Being in a motor vehicle accident and participating in sports such as football and soccer are the most common risk factors for a PCL injury.
In many cases, other structures within the knee — including other ligaments or cartilage — also are damaged when you injure your posterior cruciate ligament. Depending on how many of these structures are damaged, you might have some long-term knee pain and instability. You might also be at higher risk of eventually developing arthritis in your affected knee.
During the physical exam, your doctor might press on your knee to feel for injury, looseness or fluid in the joint from bleeding. He or she may move your knee, leg or foot in different directions and ask you to stand and walk. Your doctor will compare your injured leg with the healthy one to look for any sagging or abnormal movement in the knee or shinbone.
In some cases, your doctor may suggest one or more of the following imaging tests:
- X-ray. While an X-ray can't detect ligament damage, it can reveal bone fractures. People with posterior cruciate ligament injuries sometimes have breaks in which a small chunk of bone, attached to the ligament, pulls away from the main bone (avulsion fracture).
- MRI scan. This painless procedure uses radio waves and a strong magnetic field to create computer images of the soft tissues of your body. An MRI scan can clearly show a posterior cruciate ligament tear and determine if other knee ligaments or cartilage also are injured.
- Arthroscopy. If it's unclear how extensive your knee injury is, your doctor might use a surgical technique called arthroscopy to look inside your knee joint. A tiny video camera is inserted into your knee joint through a small incision. The doctor views images of the inside of the joint on a computer monitor or TV screen.
Treatment depends on the extent of your injury and whether it just happened or if you've had it for a while. In most cases, surgery isn't required.
Over-the-counter pain relievers, such as ibuprofen (Advil, Motrin IB, others) or naproxen sodium (Aleve), can help relieve pain and reduce swelling.
A physical therapist can teach you exercises that will help make your knee stronger and improve its function and stability. You may also need a knee brace or crutches during your rehabilitation.
If your injury is severe — especially if it's combined with other torn knee ligaments, cartilage damage or a broken bone — you might need surgery to reconstruct the ligament. Surgery might also be considered if you have persistent episodes of knee instability despite appropriate rehabilitation.
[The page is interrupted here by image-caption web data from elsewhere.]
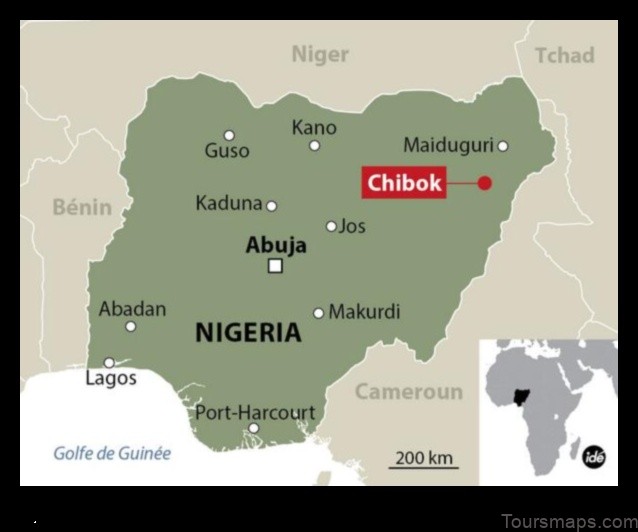 Map of Chibok Nigeria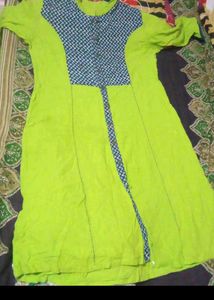 Vibrant Lime Green Kurta with Geometric Neckline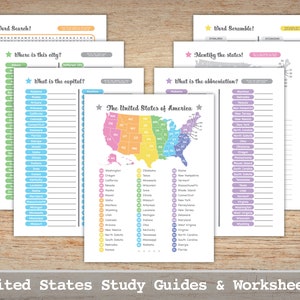 Printable US Geography Worksheets and Maps for Homeschool Studies Rainbow Theme Instant Digital Download PDF image 1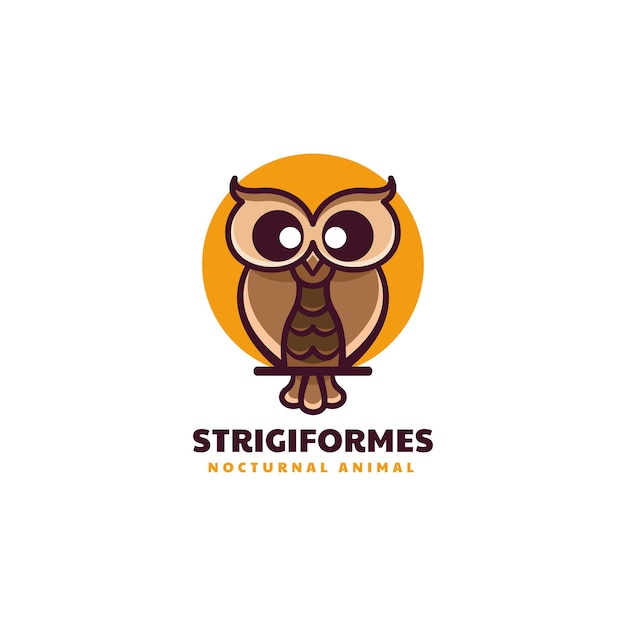 Vector Logo Illustration Owl Simple Mascot Style.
This surgery usually can be performed arthroscopically by inserting a fiber-optic camera and long, slender surgical tools through several small incisions around the knee.
Lifestyle and home remedies
Employing R.I.C.E. — rest, ice, compression and elevation — can help speed recovery of mild to moderate joint injuries.
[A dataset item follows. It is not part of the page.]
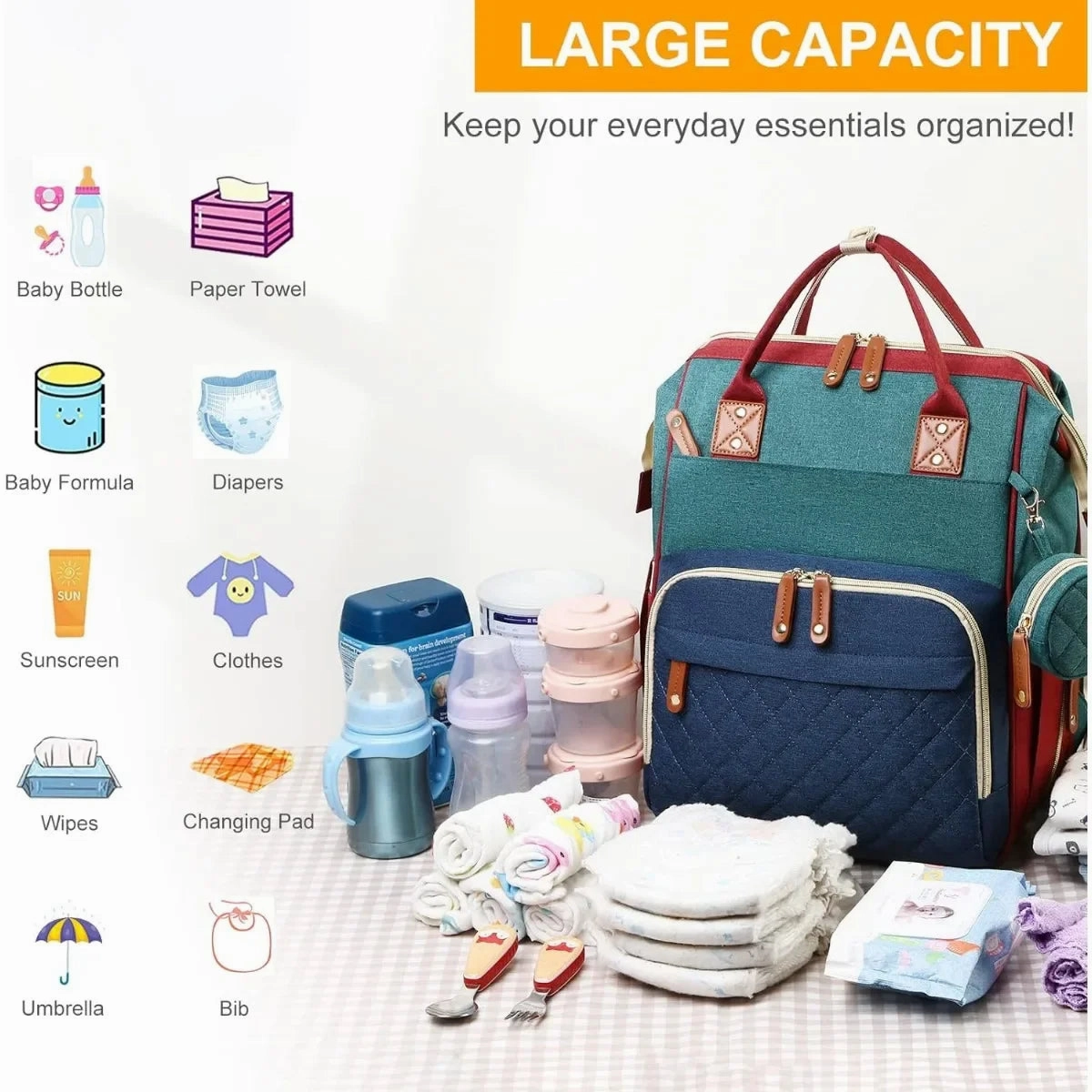 3-in-1 Diaper Backpack with Foldable Changing Pad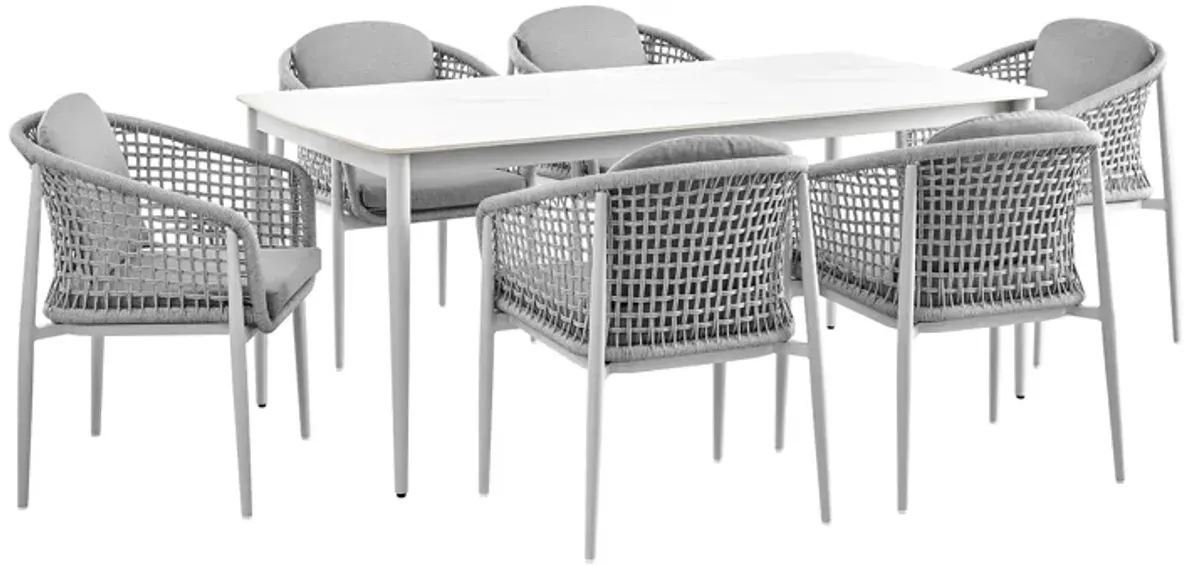 Rhodes Outdoor Patio 7 Piece Dining Set in Aluminum with Sintered Stone and Gray Cushions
- Rest. Stay off your injured knee and protect it from further damage. You might need crutches.
- Ice. Apply ice packs to your knee for 20 to 30 minutes every three to four hours for two to three days.
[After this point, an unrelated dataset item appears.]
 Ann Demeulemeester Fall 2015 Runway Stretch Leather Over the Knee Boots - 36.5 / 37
- Compression. Wrap an elastic bandage around your knee.
- Elevation. Lie down and place a pillow under your knee to help reduce swelling.
Preparing for an appointment
If your knee injury is severe, you might need emergency medical care. Otherwise, you're likely to consult your primary care doctor. He or she may refer you to a doctor who specializes in knee injuries or sports medicine.
What you can do
You might want to write a list that includes:
- Detailed descriptions of your symptoms
- Information about medical problems you've had in the past, including previous knee injuries
- Information about your parents' or siblings' medical histories
- The medications and dietary supplements you take
What to expect from your doctor
Your doctor might ask you questions, including:
- How and when did you injure your knee?
- What, if anything, seems to relieve your pain?
- What, if anything, seems to worsen your pain?